Still, I'll probably get the remastered CDs as well.
Make a change from the vinyl I got in the 60's ;) (I do have them on CD as well)
They should make interesting listening.
On a side note, what we in Liverpool call Penny Lane isn't actually Penny Lane.
It's called Smithdown Place but Penny Lane is an unremarkable road that runs off that (check a map) - just houses, a few small shops on one side and a playing field on the other - but it's usual to call the entire area "Penny Lane" as it was a major bus terminus (hence the shelter in the middle of the roundabout).
OK, more than you wanted to know................
 
I am really fighting with myself on this whole thing. I am a huge Beatles fan but here are some of the things that bug me

Number 1 the boxes are too expensive. Buying all 14 CDs at once should be cheaper then buying them individually

Number 2 Why is the mono box more expensive then the stereo when there are 3 less CDs and no video content?

Number 3 why cant we buy the mono CDs individually instead of only in the box? I would love to get the early CDs in mono but maybe I want some of the others in stereo. They made it impossible to get what you want. I have read that Sgt Peppers for instance sounds better in stereo

Anybody have any thoughts or opinions?
 

Magic Music

Administrator
Playlist Author
As for individual mono and stereo box sets... I think the Beatles should have done the same thing the Beach Boys did with [i]Pet Sounds[/i] — include both the mono and stereo versions of each track on the same CD. Selling them separately, especially in this day and age where most of us have our music on anything but a physical CD, is a rip-off, plain and simple. That being said, I will be buying both sets. ;)

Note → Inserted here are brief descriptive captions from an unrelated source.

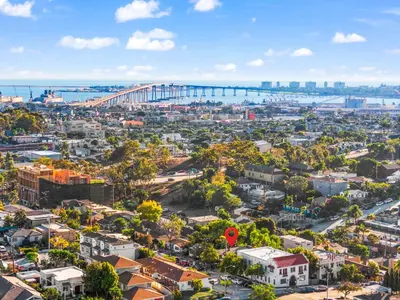 an aerial view of a city with a bridge in the background at The Treehouse by Coastline Vacation Rentals in San Diego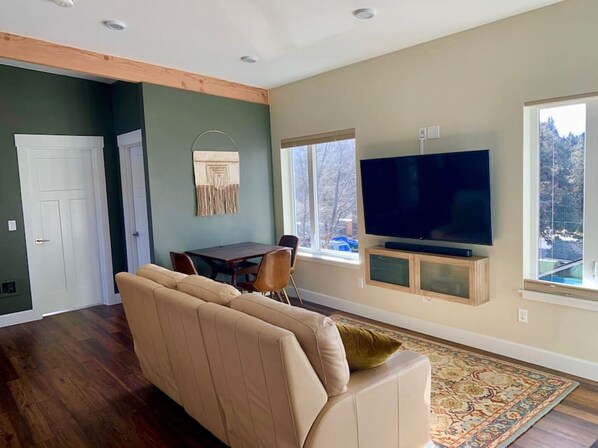 Relax and enjoy the west facing windows as you kick your feet back on a leather reclining sofa.  Smart TV with Netflix, Prime and local channels.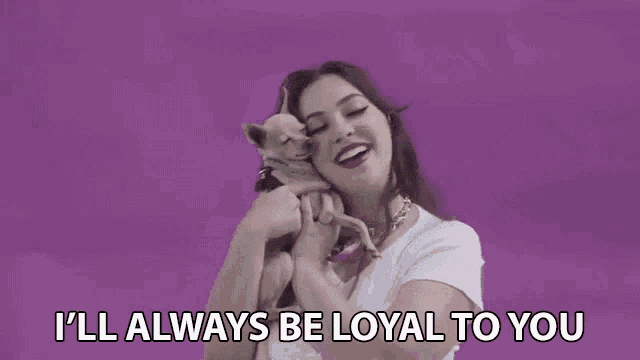 a woman is holding a small dog in her arms and saying `` i 'll always be loyal to you `` .
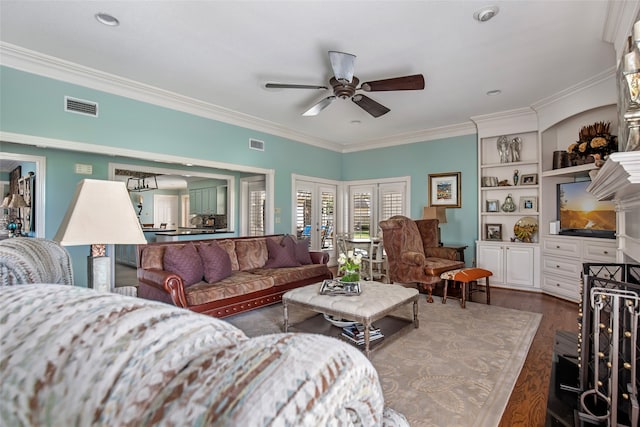 living room featuring ornamental molding, dark hardwood / wood-style floors, built in features, and ceiling fan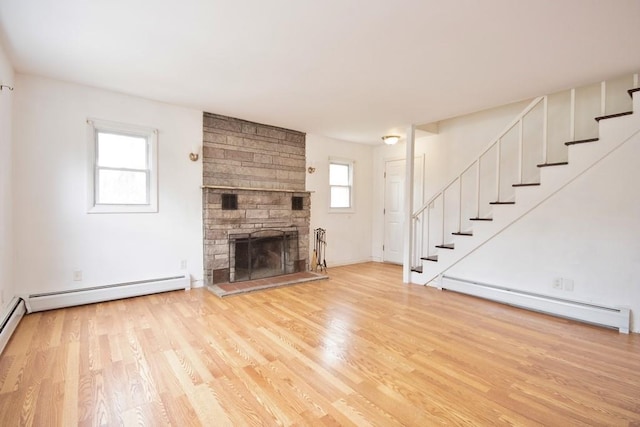 9 Old Albany Post Rd N, Cold Spring, NY 10516 - unfurnished living room with wood finished floors, a fireplace, stairs, and a baseboard radiator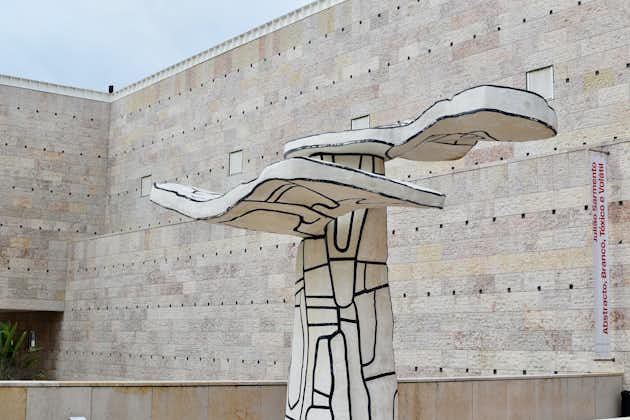 Photo of a sculpture in front of a brick building, Berardo Collection Museum,Portugal.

Let's all blame Yoko! :lol:
 

eyore

DLRP explorer
Playlist Author
"Stereo" at that time wasn't that good, honest. The only stereo sets were inside huge pieces of furniture with the speakers only a few feet apart.
Mono sounded far more like the "real thing" anyway (the speakers on stage were pretty close to each other).
I daresay they can do all sorts of wonders nowadays but it ain't gonna sound like it did back in 1963 :lol: Mono was the norm. Stereo if you wanted to show off.
Even the standard of their own speakers was pretty bad (just made it LOUDER) so you have to balance what it sounded like then to what it would have sounded like if they were recording now.
I suppose anyone under 40 would prefer the more modern view.
I prefer the "no bells or whistle" myself, which sounds more like they did at the time when they performed.
There's a mock-up of their recording studio in the exhibition here in Liverpool.
It's pretty basic and I bet even the simplest recording stuff we us to get our park music is far superior to what they used. ;)
I'll probably get Revolver and a couple of other CDs but definitely not the first two (Please Please me and With the Beatles). The primitivness is part of the attraction for me.